### TASK
Would you repeat the entries below word for word and omit the pictures?

Captioned web image data
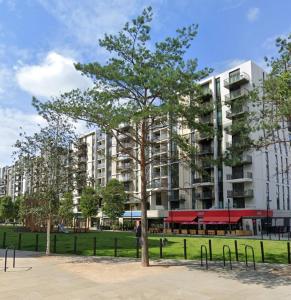 伦敦Luxury en-suite room Olympic Village in shared apartment的建筑物前公园里的树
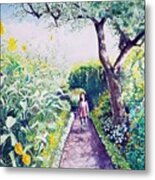 A Stroll By The Sunflowers Metal Print
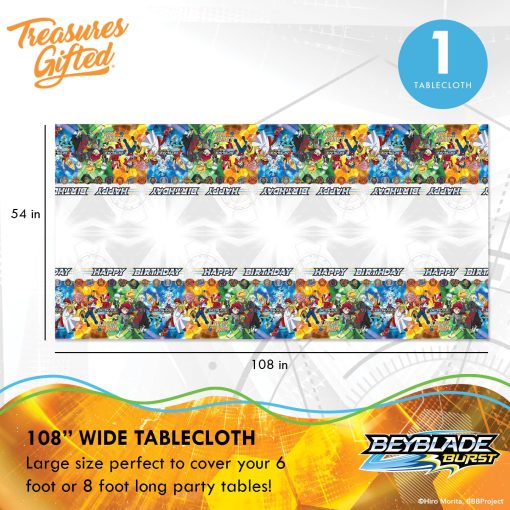 Juego de fiesta oficialmente autorizado de BEYBLADE BURST de Treasures Gifted - Sirve 16 invitados Set definitivo de suministros para fiestas BEYBLADE - Suministros para fiestas de cumpleaños de BEYBLADE - Manteles, platos, pancarta y mas de BEYBLADE - Imagen 8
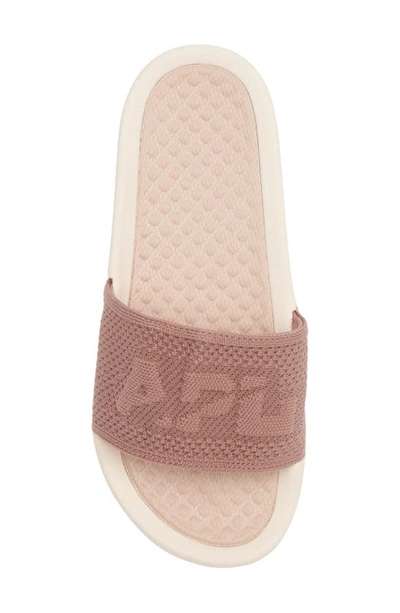 Apl Athletic Propulsion Labs Big Logo Techloom Knit Sport Slide In Creme / Rose Dust / Beachwood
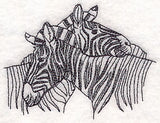 Nuzzling Zebras Etching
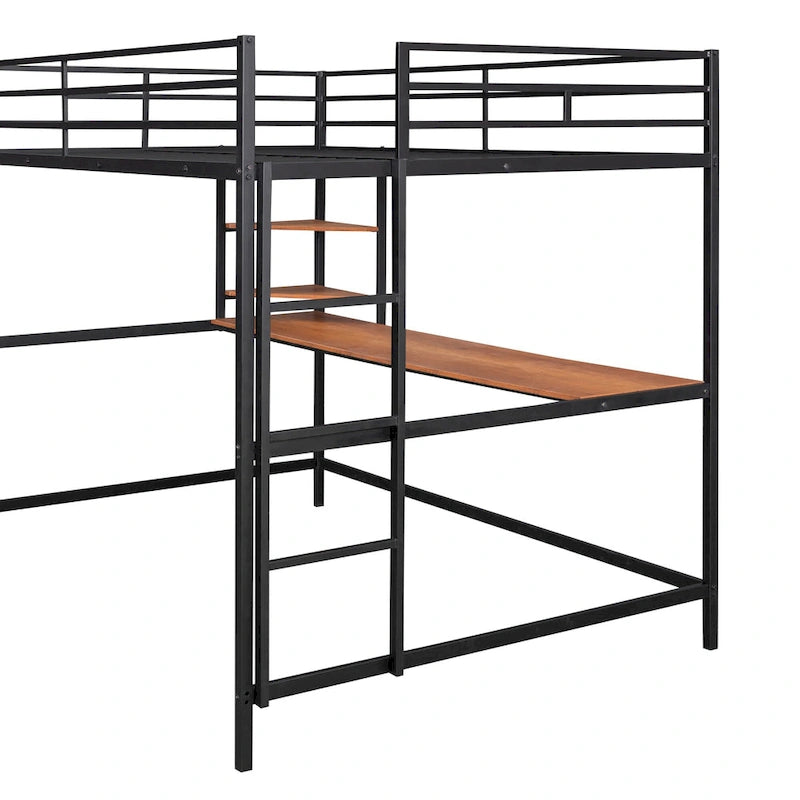 Cama alta de metal negra de tamaño completo con escritorio, escalera y estantes | Niños y adolescentes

### SOLUTION BELOW
 伦敦Luxury en-suite room Olympic Village in shared apartment的建筑物前公园里的树
 A Stroll By The Sunflowers Metal Print
 Juego de fiesta oficialmente autorizado de BEYBLADE BURST de Treasures Gifted - Sirve 16 invitados Set definitivo de suministros para fiestas BEYBLADE - Suministros para fiestas de cumpleaños de BEYBLADE - Manteles, platos, pancarta y mas de BEYBLADE - Imagen 8
 Apl Athletic Propulsion Labs Big Logo Techloom Knit Sport Slide In Creme / Rose Dust / Beachwood
 Nuzzling Zebras Etching
 Cama alta de metal negra de tamaño completo con escritorio, escalera y estantes | Niños y adolescentes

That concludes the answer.